Una bella immagine quella della fortuna di avere qualcosa di fragile da custodire.

Ma molti non ce l’hanno, altrimenti riuscirebbero ad empatizzare. Chi non ha qualcosa di fragile da custodire, non riesce a comprendere come possano esistere determinate cose che hanno bisogno di essere gestite con cura. Viviamo in una società dove, soprattutto per i maschi, si è soliti indirizzarli: “dai svegliate, fai l’omo non fa la femminuccia, stringi i denti e vai”.

Siamo incastrati in ruoli che non ci appartengono?

Siamo incastrati nell’ideologia di questi superuomini e superdonne che ci hanno raccontato, e posso dirti? Rimangono super anche quando non sorridono sempre, trovo molto più coraggiosa una persona che si rompe e lo mostra, rispetto ad una persona che è sempre tutta d’un pezzo, perché vuol dire che si rompe a casa ed è lì che raccoglie i cocci. Trovo molto coraggioso normalizzare le sfide, le cadute, i fallimenti, gli stati d'animo più bui, e normalizzare anche il fatto che con un bullo puoi perdere, anzi, sicuramente perdi. Altrimenti non sarebbe un bullo, sarebbe uno che ci ha provato.

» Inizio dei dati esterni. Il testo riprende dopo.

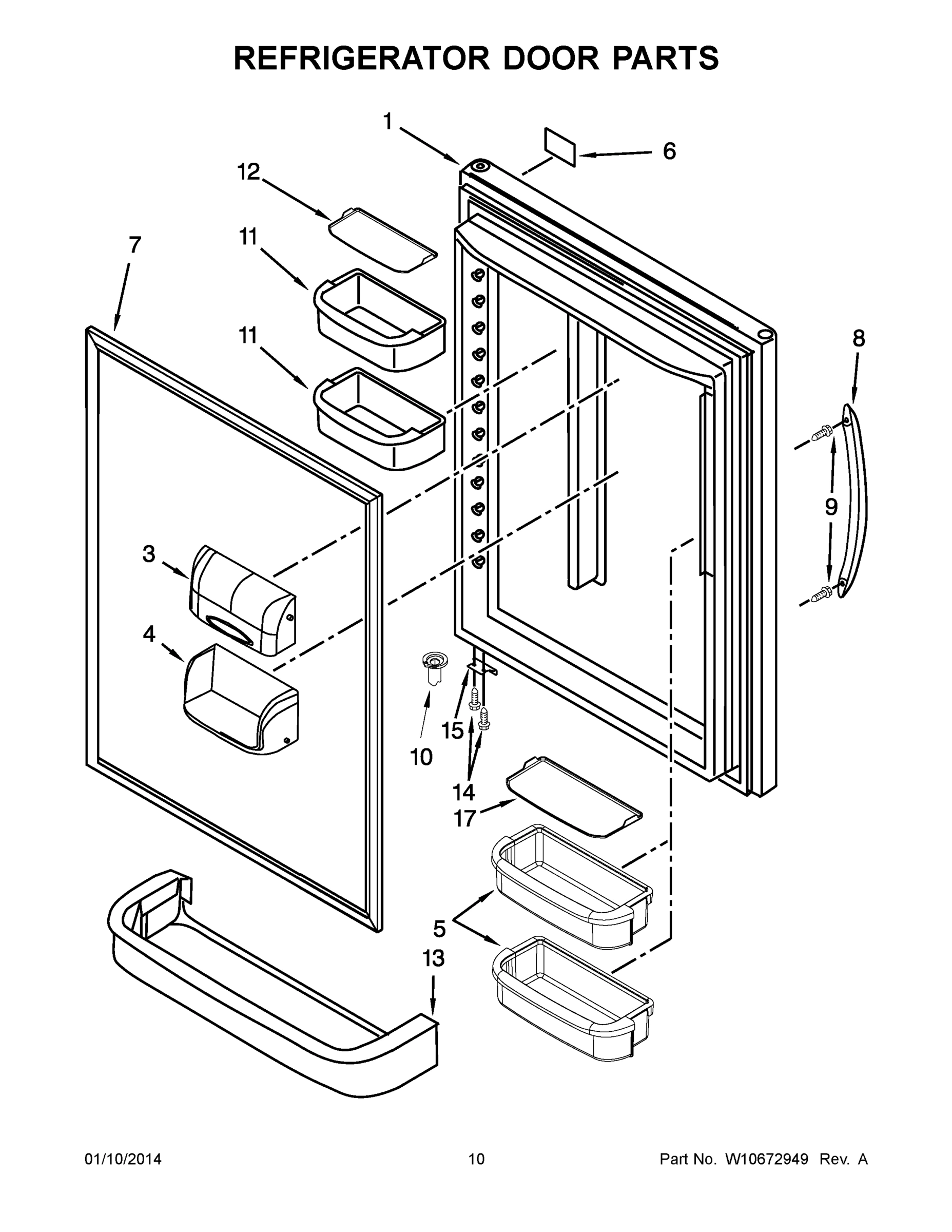 06 - REFRIGERATOR DOOR PARTS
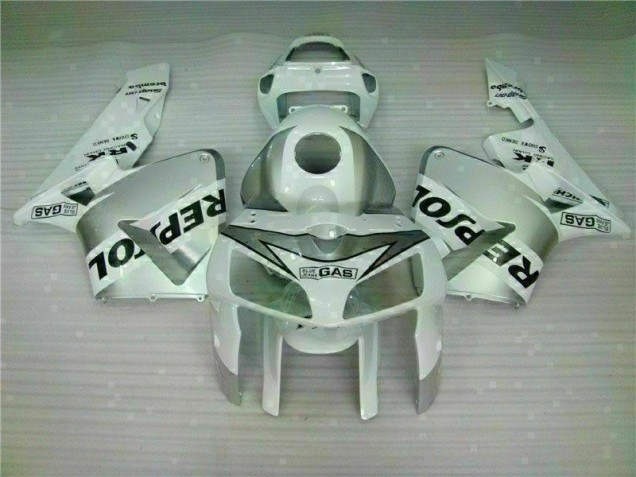 2005-2006 White Repsol Honda CBR600RR Motorbike Fairing Kits for Sale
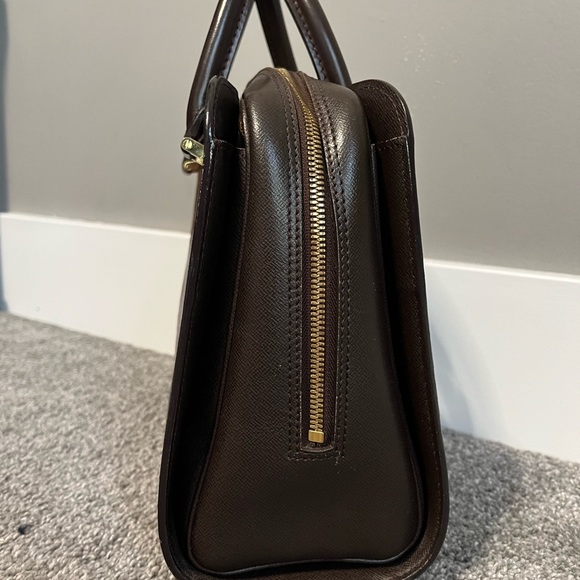 Louis Vuitton Damier Ebene Triana Checkered Brown Handbag, Authentic, EUC - Picture 4 of 10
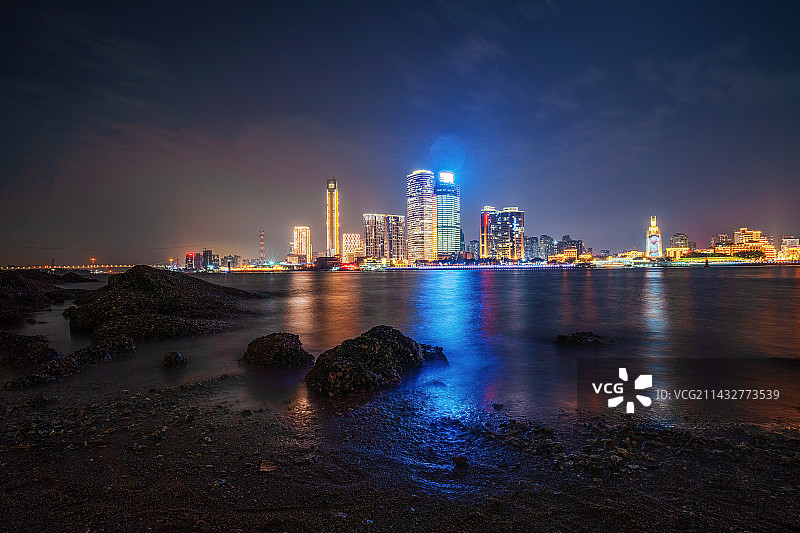 厦门风光 鹭江道夜景图片素材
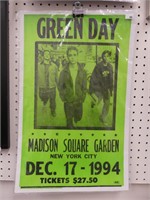 GREEN DAY MADISON SQUARE GARDEN 1994 POSTER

Vogliamo dire, una volta per tutte, che essere invincibili non è un traguardo?

Certo che lo diciamo! Le persone che dicono di essere invincibili si stanno mentendo, perché sia chiaro, nessuno è invincibile. Quando ci troviamo davanti ad una persona che lo sembra, dobbiamo chiederci dov’è che nasconde le sue fragilità. Quando leggo alcuni commenti mostruosi, mi chiedo dove e in che modo quelle persone abbiano spento o nascosto le loro debolezze, che non è una brutta parola. Perché non ci posso credere che ci sia gente che gioisca nel vedere altre persone soffrire, è qualcosa che non posso accettare.